That Hanks is a stand-up guy who does his duty both on and off the screen is not big news. Stories of his collegial manner with other actors, of his collaborative interplay with directors and of his commitment to his second wife, actress Rita Wilson, and his four children (two from a previous marriage) abound in Hollywood. What’s more, as has been reported so often that even Hanks appears a little tired of hearing it, this guy is a genuine mensch.

“Have you heard about the Friday thing? It’s amazing,” said Frank Darabont, the writer-director of “The Green Mile,” referring to Hanks’ habit of boosting the morale of the weary cast and crew by feeding them at his own expense. “Tom loved to bring a treat to the set for everybody. On Friday evenings a couple of sushi chefs would show up. Or the In-N-Out Burger truck.
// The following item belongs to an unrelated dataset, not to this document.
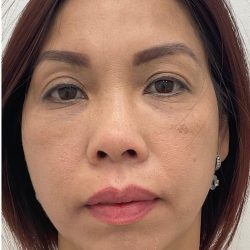 Under Eye Fillers Before & After Patient #4139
You were looking at well over 100 people, so it wasn’t cheap. More than the generosity, though, was the thoughtfulness. He’s a very sweet and open man.”

John Lasseter, director of “Toy Story 2,” agreed.

“When Tom Hanks walks in the room, it’s Tom Hanks! But he immediately puts everybody at ease,” he said. “Every compliment he gets, you can tell it really means a lot to him to receive it. He’s humble, and first and foremost, he’s spreading [the compliments] around.”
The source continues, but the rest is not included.